┌──

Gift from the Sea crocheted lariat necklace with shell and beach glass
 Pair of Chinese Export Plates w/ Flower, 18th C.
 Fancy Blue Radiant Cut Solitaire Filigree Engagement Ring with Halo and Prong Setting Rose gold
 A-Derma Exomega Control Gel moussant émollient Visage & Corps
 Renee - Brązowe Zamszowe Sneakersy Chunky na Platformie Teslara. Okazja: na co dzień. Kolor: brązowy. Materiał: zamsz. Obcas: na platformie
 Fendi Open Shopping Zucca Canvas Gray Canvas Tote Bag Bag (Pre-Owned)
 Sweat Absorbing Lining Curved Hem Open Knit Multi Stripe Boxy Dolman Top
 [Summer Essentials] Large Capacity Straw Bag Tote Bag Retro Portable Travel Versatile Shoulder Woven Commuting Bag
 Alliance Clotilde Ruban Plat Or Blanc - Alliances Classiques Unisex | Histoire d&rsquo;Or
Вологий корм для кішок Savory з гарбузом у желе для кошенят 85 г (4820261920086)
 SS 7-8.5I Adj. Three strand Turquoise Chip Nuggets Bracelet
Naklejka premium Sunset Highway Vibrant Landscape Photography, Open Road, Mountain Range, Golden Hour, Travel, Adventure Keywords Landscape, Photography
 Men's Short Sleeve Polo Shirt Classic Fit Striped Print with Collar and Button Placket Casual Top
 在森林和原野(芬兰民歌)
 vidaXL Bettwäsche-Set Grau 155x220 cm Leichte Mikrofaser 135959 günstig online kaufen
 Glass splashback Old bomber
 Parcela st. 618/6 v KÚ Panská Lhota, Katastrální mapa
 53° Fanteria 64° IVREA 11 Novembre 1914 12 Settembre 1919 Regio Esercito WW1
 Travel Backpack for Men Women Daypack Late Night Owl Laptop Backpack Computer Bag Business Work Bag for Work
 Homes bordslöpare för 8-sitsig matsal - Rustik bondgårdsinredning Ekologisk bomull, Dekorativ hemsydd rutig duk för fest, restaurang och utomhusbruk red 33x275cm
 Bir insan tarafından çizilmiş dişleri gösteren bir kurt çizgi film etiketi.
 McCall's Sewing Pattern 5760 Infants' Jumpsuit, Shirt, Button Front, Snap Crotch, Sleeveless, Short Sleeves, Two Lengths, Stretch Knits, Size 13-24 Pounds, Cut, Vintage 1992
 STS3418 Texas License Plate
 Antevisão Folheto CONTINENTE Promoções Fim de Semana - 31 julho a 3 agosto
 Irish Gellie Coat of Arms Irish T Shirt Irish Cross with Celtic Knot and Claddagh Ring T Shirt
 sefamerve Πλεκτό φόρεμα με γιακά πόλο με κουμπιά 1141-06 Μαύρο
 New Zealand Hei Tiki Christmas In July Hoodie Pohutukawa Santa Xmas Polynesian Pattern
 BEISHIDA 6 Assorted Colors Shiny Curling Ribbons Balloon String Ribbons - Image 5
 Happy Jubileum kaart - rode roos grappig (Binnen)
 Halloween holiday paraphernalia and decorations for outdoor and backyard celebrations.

└──

ACTIVITY.
The entire listing has to be written out again exactly.

RESPONSE TO THE TASK.
Gift from the Sea crocheted lariat necklace with shell and beach glass
 Pair of Chinese Export Plates w/ Flower, 18th C.
 Fancy Blue Radiant Cut Solitaire Filigree Engagement Ring with Halo and Prong Setting Rose gold
 A-Derma Exomega Control Gel moussant émollient Visage & Corps
 Renee - Brązowe Zamszowe Sneakersy Chunky na Platformie Teslara. Okazja: na co dzień. Kolor: brązowy. Materiał: zamsz. Obcas: na platformie
 Fendi Open Shopping Zucca Canvas Gray Canvas Tote Bag Bag (Pre-Owned)
 Sweat Absorbing Lining Curved Hem Open Knit Multi Stripe Boxy Dolman Top
 [Summer Essentials] Large Capacity Straw Bag Tote Bag Retro Portable Travel Versatile Shoulder Woven Commuting Bag
 Alliance Clotilde Ruban Plat Or Blanc - Alliances Classiques Unisex | Histoire d&rsquo;Or
Вологий корм для кішок Savory з гарбузом у желе для кошенят 85 г (4820261920086)
 SS 7-8.5I Adj. Three strand Turquoise Chip Nuggets Bracelet
Naklejka premium Sunset Highway Vibrant Landscape Photography, Open Road, Mountain Range, Golden Hour, Travel, Adventure Keywords Landscape, Photography
 Men's Short Sleeve Polo Shirt Classic Fit Striped Print with Collar and Button Placket Casual Top
 在森林和原野(芬兰民歌)
 vidaXL Bettwäsche-Set Grau 155x220 cm Leichte Mikrofaser 135959 günstig online kaufen
 Glass splashback Old bomber
 Parcela st. 618/6 v KÚ Panská Lhota, Katastrální mapa
 53° Fanteria 64° IVREA 11 Novembre 1914 12 Settembre 1919 Regio Esercito WW1
 Travel Backpack for Men Women Daypack Late Night Owl Laptop Backpack Computer Bag Business Work Bag for Work
 Homes bordslöpare för 8-sitsig matsal - Rustik bondgårdsinredning Ekologisk bomull, Dekorativ hemsydd rutig duk för fest, restaurang och utomhusbruk red 33x275cm
 Bir insan tarafından çizilmiş dişleri gösteren bir kurt çizgi film etiketi.
 McCall's Sewing Pattern 5760 Infants' Jumpsuit, Shirt, Button Front, Snap Crotch, Sleeveless, Short Sleeves, Two Lengths, Stretch Knits, Size 13-24 Pounds, Cut, Vintage 1992
 STS3418 Texas License Plate
 Antevisão Folheto CONTINENTE Promoções Fim de Semana - 31 julho a 3 agosto
 Irish Gellie Coat of Arms Irish T Shirt Irish Cross with Celtic Knot and Claddagh Ring T Shirt
 sefamerve Πλεκτό φόρεμα με γιακά πόλο με κουμπιά 1141-06 Μαύρο
 New Zealand Hei Tiki Christmas In July Hoodie Pohutukawa Santa Xmas Polynesian Pattern
 BEISHIDA 6 Assorted Colors Shiny Curling Ribbons Balloon String Ribbons - Image 5
 Happy Jubileum kaart - rode roos grappig (Binnen)
 Halloween holiday paraphernalia and decorations for outdoor and backyard celebrations.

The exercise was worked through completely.